Recorded information =
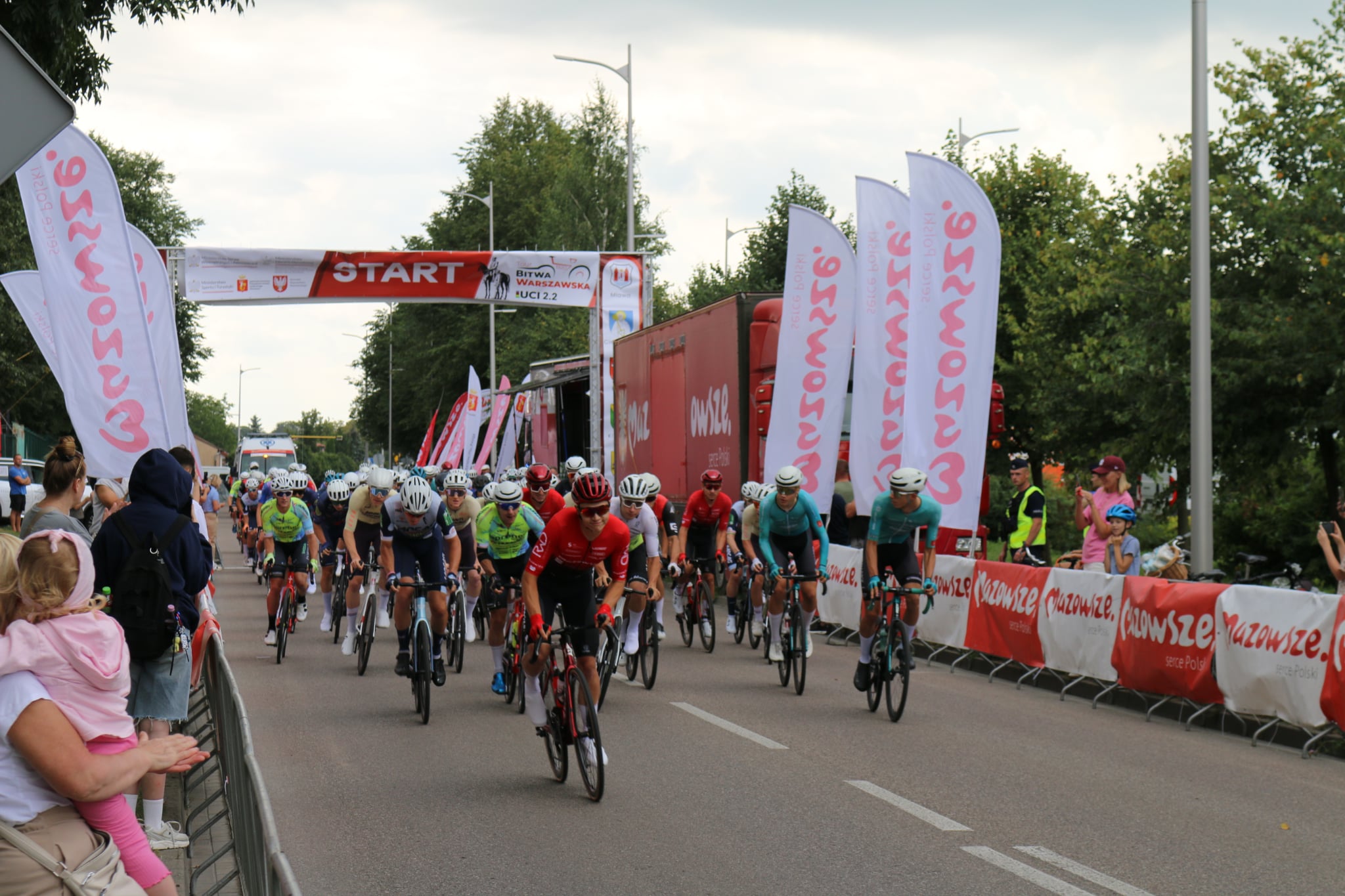 Mławski etap Tour Bitwa Warszawska 2025 zakończony! Zwycięzcą Martin Voltr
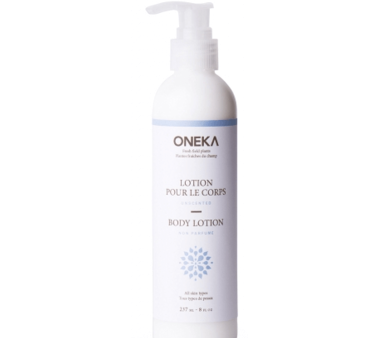 Lotion pour le corps non parfumée - Oneka Sale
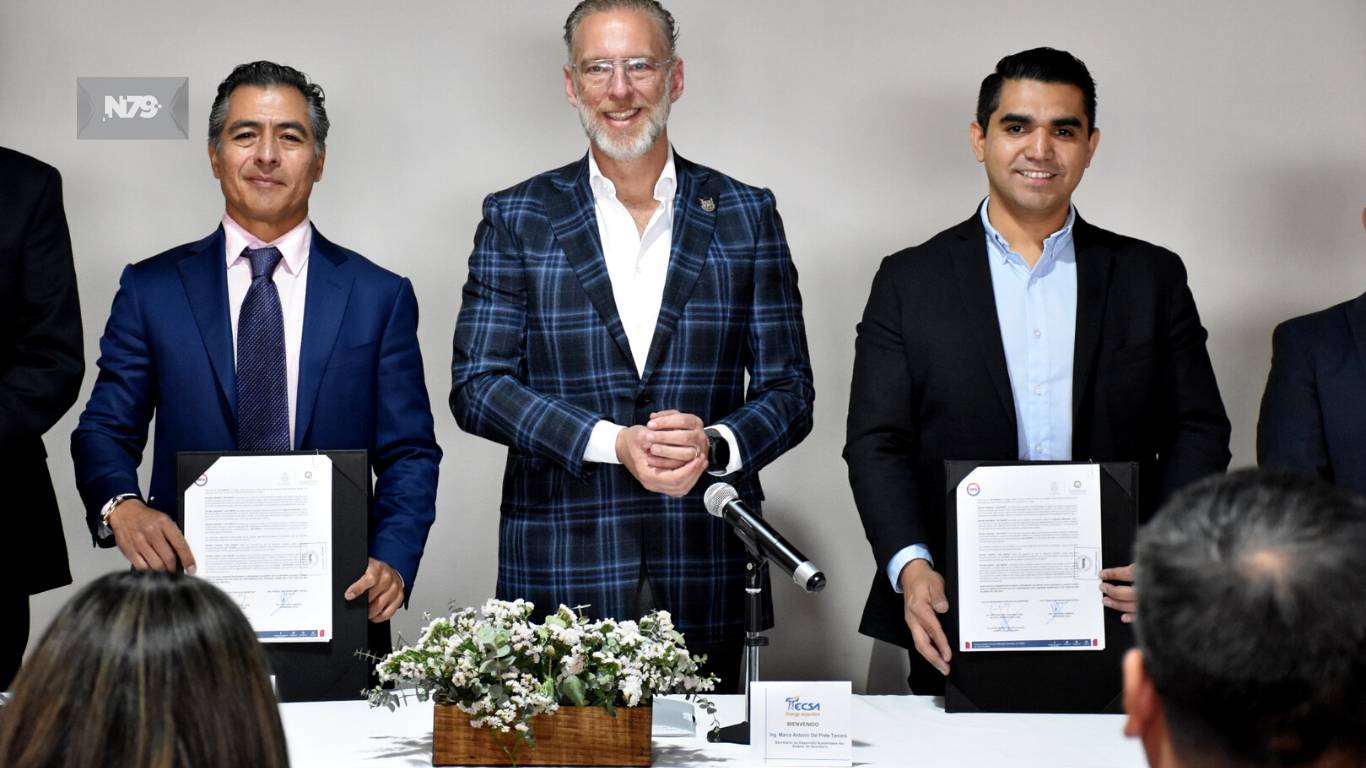 Triple hélice genera condiciones de crecimiento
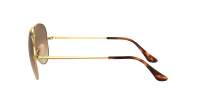 Ray-Ban RB3689 9147/51 58-14 Złoto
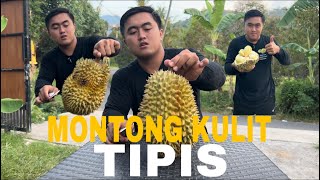 DURIAN MONTONG KULITNYA TIPIS DURIAN DARI BALI SUDAH MATENG 3 HARIAN #doniartawan
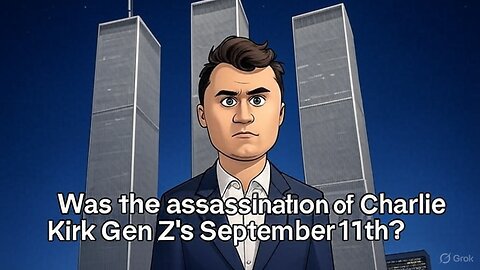Was the assassination of Charlie Kirk Gen Z's September 11th? - AC Daily Show Ep 554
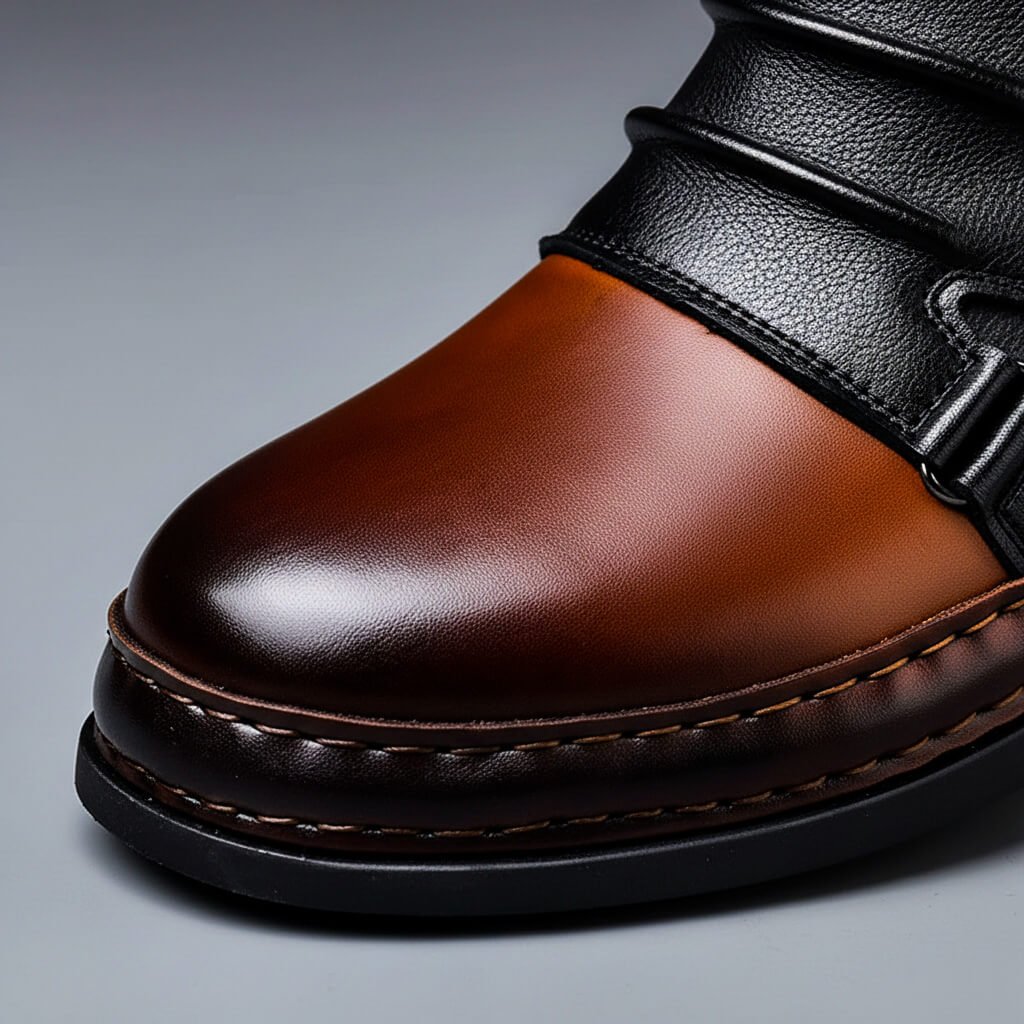 Ethan | Handmade Genuine Leather Boots 3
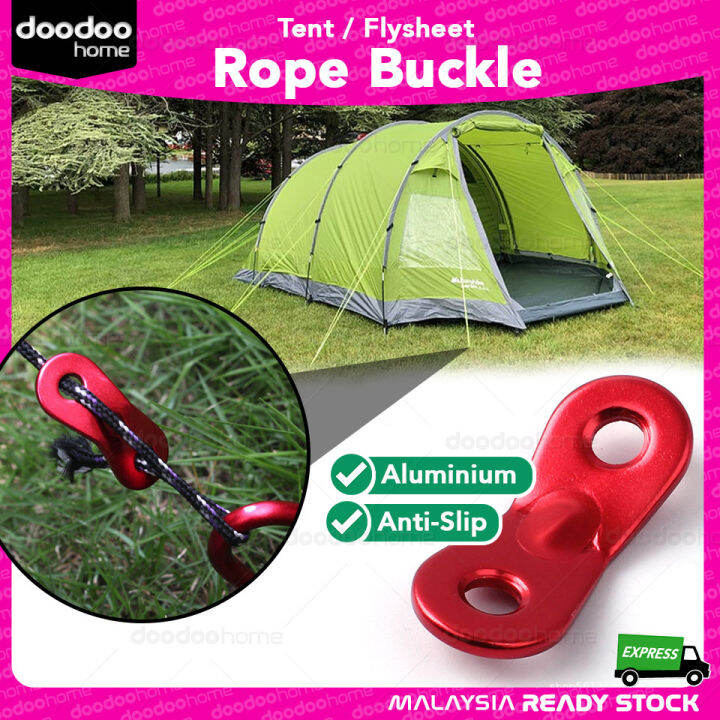 Tent Wind Rope Buckle Camping Tent Guy Line Rope Flysheet Quick Knot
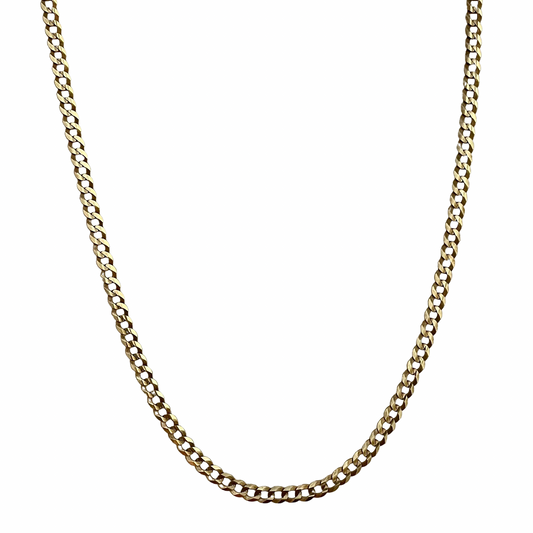 14K Gold Cuban Chain 3.5mm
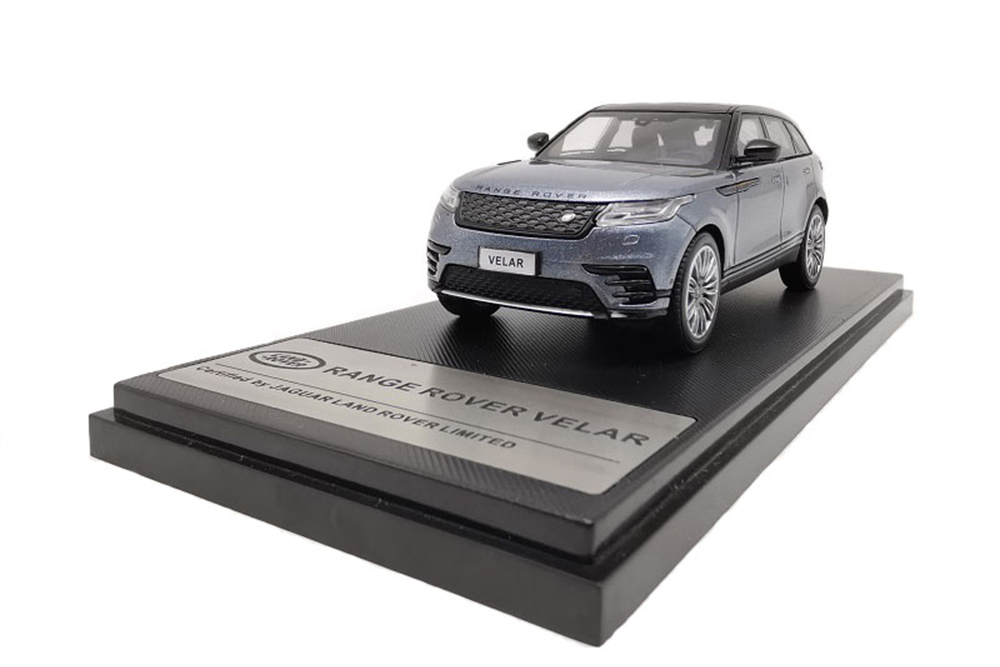 

Модель коллекционная LCD Land rover range rover velar 2020 blue, Синий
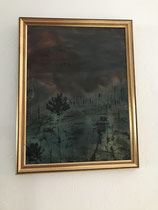 Produkt-Nummer: Bi8 am Abend, 35x45, Acryl auf Leinwand, Preis CHF 150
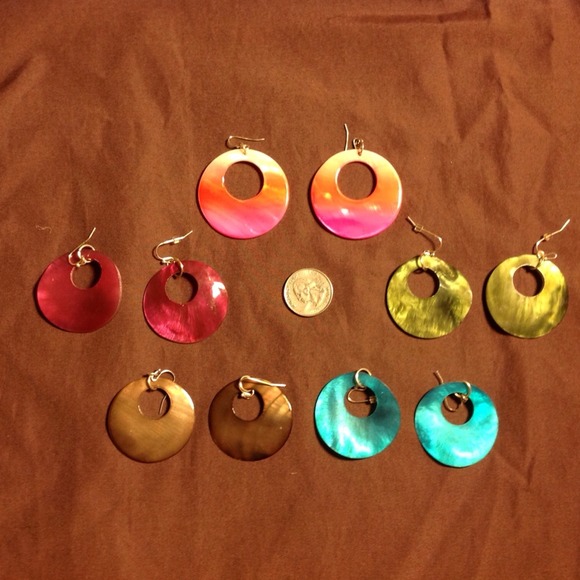 Colorful Earrings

About this task = Everything above except the pictures needs to be reproduced exactly.

Expected answer =
 Mławski etap Tour Bitwa Warszawska 2025 zakończony! Zwycięzcą Martin Voltr
 Lotion pour le corps non parfumée - Oneka Sale
 Triple hélice genera condiciones de crecimiento
 Ray-Ban RB3689 9147/51 58-14 Złoto
 DURIAN MONTONG KULITNYA TIPIS DURIAN DARI BALI SUDAH MATENG 3 HARIAN #doniartawan
Was the assassination of Charlie Kirk Gen Z's September 11th? - AC Daily Show Ep 554
 Ethan | Handmade Genuine Leather Boots 3
 Tent Wind Rope Buckle Camping Tent Guy Line Rope Flysheet Quick Knot
 14K Gold Cuban Chain 3.5mm

Модель коллекционная LCD Land rover range rover velar 2020 blue, Синий
 Produkt-Nummer: Bi8 am Abend, 35x45, Acryl auf Leinwand, Preis CHF 150
 Colorful Earrings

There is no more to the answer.